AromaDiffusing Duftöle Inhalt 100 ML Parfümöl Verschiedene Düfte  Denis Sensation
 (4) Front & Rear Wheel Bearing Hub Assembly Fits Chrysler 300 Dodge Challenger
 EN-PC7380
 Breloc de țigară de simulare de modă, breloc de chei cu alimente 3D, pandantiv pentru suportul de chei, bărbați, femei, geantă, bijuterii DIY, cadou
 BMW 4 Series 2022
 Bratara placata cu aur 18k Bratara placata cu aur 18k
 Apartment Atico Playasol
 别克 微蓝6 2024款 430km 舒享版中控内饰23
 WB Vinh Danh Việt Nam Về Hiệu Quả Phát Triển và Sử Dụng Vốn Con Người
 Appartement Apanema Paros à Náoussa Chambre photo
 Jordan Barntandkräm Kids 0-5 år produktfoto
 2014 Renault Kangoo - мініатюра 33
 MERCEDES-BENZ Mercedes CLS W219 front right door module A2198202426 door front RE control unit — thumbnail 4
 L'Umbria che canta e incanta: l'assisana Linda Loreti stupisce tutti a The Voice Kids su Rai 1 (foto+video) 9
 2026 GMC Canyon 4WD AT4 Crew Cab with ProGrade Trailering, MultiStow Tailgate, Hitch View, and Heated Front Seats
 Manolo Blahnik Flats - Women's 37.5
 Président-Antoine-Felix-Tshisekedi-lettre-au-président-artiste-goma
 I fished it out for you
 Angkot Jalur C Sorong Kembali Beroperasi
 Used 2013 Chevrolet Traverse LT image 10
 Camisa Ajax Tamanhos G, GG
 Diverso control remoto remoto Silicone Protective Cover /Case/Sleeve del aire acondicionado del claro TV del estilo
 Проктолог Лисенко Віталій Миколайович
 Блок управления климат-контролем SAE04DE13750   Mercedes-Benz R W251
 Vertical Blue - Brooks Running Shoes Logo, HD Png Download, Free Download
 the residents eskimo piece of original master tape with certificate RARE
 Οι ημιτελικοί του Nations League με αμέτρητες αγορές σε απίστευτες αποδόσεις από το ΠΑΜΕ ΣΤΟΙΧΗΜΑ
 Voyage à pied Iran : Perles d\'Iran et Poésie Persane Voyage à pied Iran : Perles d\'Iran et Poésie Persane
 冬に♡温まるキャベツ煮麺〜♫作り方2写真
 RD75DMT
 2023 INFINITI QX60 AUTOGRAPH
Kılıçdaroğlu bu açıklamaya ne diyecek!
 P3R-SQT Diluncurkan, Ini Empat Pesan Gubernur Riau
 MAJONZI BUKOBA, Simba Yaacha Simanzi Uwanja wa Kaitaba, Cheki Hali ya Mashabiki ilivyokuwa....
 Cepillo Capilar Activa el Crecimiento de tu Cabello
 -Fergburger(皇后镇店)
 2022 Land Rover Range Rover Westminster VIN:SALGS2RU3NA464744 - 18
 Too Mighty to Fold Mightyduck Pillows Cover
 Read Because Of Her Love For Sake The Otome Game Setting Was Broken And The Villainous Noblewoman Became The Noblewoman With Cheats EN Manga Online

┄┄┄┄┄┄┄┄┄┄┄┄┄┄┄┄┄┄┄┄

● Exercise
From the entries above, return exactly the line containing "Cepillo Capilar Activa", the line containing "Too Mighty to Fold Mightyduck Pillows Cover", and all lines between, and nothing else.

● Task result
 Cepillo Capilar Activa el Crecimiento de tu Cabello
 -Fergburger(皇后镇店)
 2022 Land Rover Range Rover Westminster VIN:SALGS2RU3NA464744 - 18
 Too Mighty to Fold Mightyduck Pillows Cover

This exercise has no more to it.